◆ Input data:
-- Opening Marker --

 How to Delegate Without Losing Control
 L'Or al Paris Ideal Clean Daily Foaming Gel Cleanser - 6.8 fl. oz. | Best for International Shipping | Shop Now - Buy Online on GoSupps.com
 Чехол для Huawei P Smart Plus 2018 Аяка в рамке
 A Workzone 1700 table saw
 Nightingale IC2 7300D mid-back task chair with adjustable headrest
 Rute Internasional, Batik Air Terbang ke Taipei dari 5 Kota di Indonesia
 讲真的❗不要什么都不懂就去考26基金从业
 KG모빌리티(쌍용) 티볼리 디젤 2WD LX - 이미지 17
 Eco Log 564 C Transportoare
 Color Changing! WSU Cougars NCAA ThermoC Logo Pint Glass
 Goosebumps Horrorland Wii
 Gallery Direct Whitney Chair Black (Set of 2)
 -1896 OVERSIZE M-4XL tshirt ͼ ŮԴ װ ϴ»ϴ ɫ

-- Closing Marker --

◆ What the task asks: Beginning with the opening line above, retype the records exactly through the line with "Goosebumps Horrorland Wii", both ends included.

◆ The completed task:
 How to Delegate Without Losing Control
 L'Or al Paris Ideal Clean Daily Foaming Gel Cleanser - 6.8 fl. oz. | Best for International Shipping | Shop Now - Buy Online on GoSupps.com
 Чехол для Huawei P Smart Plus 2018 Аяка в рамке
 A Workzone 1700 table saw
 Nightingale IC2 7300D mid-back task chair with adjustable headrest
 Rute Internasional, Batik Air Terbang ke Taipei dari 5 Kota di Indonesia
 讲真的❗不要什么都不懂就去考26基金从业
 KG모빌리티(쌍용) 티볼리 디젤 2WD LX - 이미지 17
 Eco Log 564 C Transportoare
 Color Changing! WSU Cougars NCAA ThermoC Logo Pint Glass
 Goosebumps Horrorland Wii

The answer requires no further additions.